-- Opening Marker --
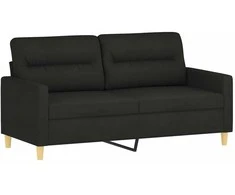 Dvivietė sofa, juodos spalvos, 140cm, audinys
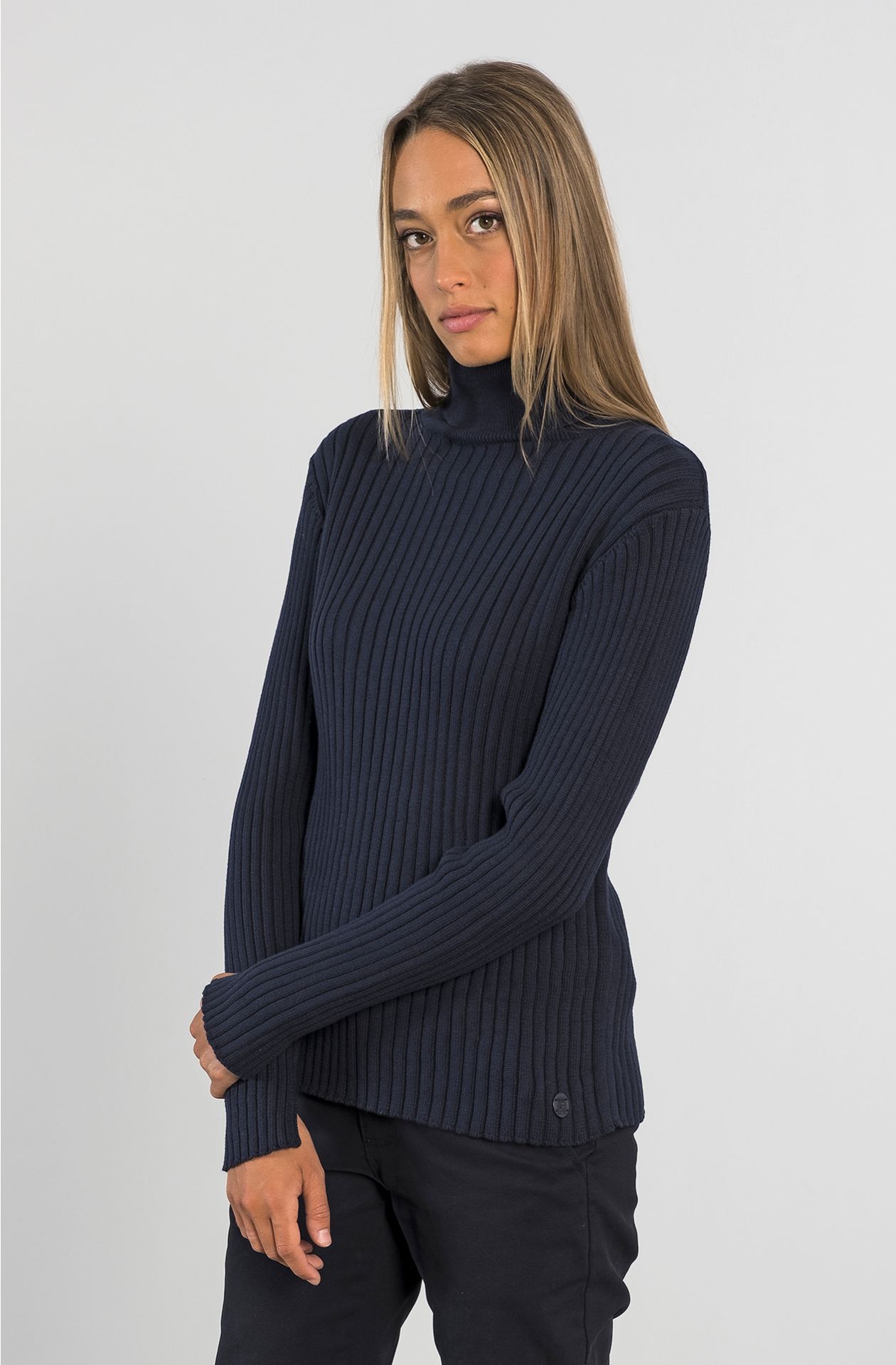 RIBBED TURTLENECK IN PURE COTTON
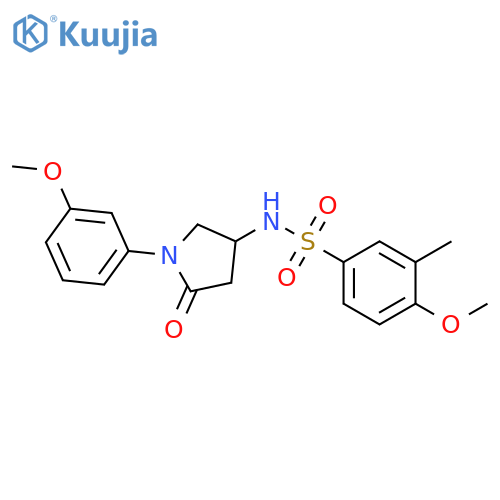4-methoxy-N-1-(3-methoxyphenyl)-5-oxopyrrolidin-3-yl-3-methylbenzene-1-sulfonamide structure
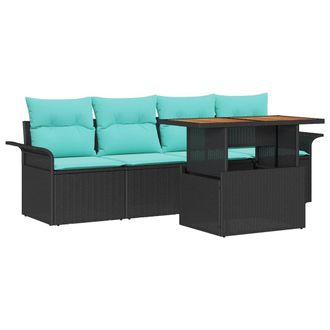 vidaXL Conjunto De Sof&aacute; De Jard&iacute;n Con Coj&iacute;n Manual 5 Pcs Negro Y Azul Vidaxl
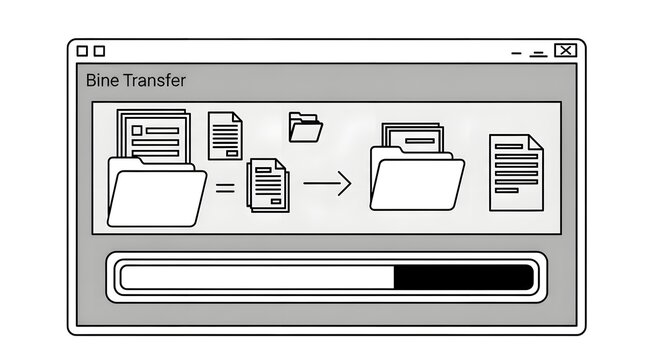 File transfer window displays the digital process of moving documents between folders on a computer screen.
-- Closing Marker --
§ **TASK BRIEF**: The whole listing above is to be printed exactly; the pictures stay out.

§ **ANSWER SECTION**:
 Dvivietė sofa, juodos spalvos, 140cm, audinys
 RIBBED TURTLENECK IN PURE COTTON
4-methoxy-N-1-(3-methoxyphenyl)-5-oxopyrrolidin-3-yl-3-methylbenzene-1-sulfonamide structure
 vidaXL Conjunto De Sof&aacute; De Jard&iacute;n Con Coj&iacute;n Manual 5 Pcs Negro Y Azul Vidaxl
 File transfer window displays the digital process of moving documents between folders on a computer screen.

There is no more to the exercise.